Unas pocas horas después la providencia me ayudaba a completar la reflexión con una noticia: cada cordobés tira al año 500 euros en comida, entre la que se compra de más porque estaba bien presentada en la tienda, la que se ha olvidado después de comprarla y aquella que se echa a perder. Y pensé que esta pésima economía que se deja el dinero en aquello que no se aprovecha y desperdicia alimentos en un mundo que en absoluto puede abastecer a todos sus habitantes quizá venga de la misma matriz que la escena de las mendigas dejando en el suelo sin escuchar a la conciencia lo que no les cabe en ese momento en el estómago.

Para terminar de hilarlo bien habría que acordarse de las cifras del paro, tan escandalosas en frío como infladas en una realidad que ha sido terrible pero no catastrófica, y pensar en que después de todo a lo mejor no hay tanta diferencia entre quien pide a la puerta del supermercado y aquel que tampoco se ha sudado una buena parte de los ingresos, que trapichea gracias a alguna herencia en el momento oportuno, que se pone detrás de unas gafas de sol para sellar el paro que le redondea las cuentas o que se vio libre de una hipoteca excesiva gracias al dinero que le quedó en metálico de haber vendido una uvepeó en el momento en que la gráfica de los precios estaba por el ático.

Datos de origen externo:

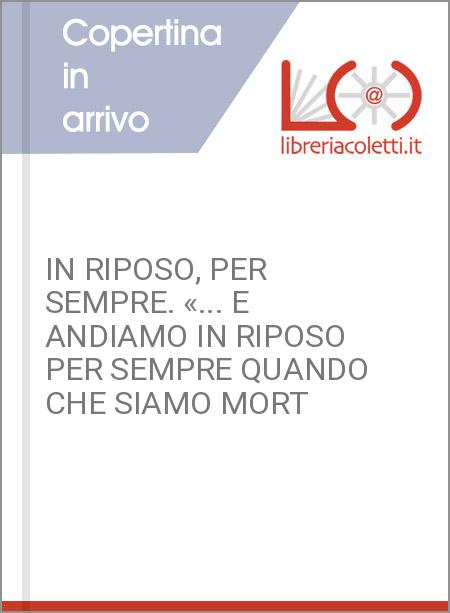 IN RIPOSO, PER SEMPRE. «... E ANDIAMO IN RIPOSO PER SEMPRE QUANDO CHE SIAMO MORT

El desprendimiento con que se trata a las que suplican limosna no sería entonces caridad ni compasión de la desgracia ajena, sino sobre todo compañerismo, empatía de quien vive de una forma en el fondo no tan diferente y gasta unos pocos euros que no se sudaron demasiado o se escatimaron más que se ahorraron. A las pruebas de los centros comerciales llenos de población activa todas las mañanas me remito, y el que salga sin pagar el impuesto de la leche o la fruta todavía tendrá excusa de los generosos habituales: «No se lo tengas en cuenta, que el pobre mira mucho por el dinero porque tiene que trabajar».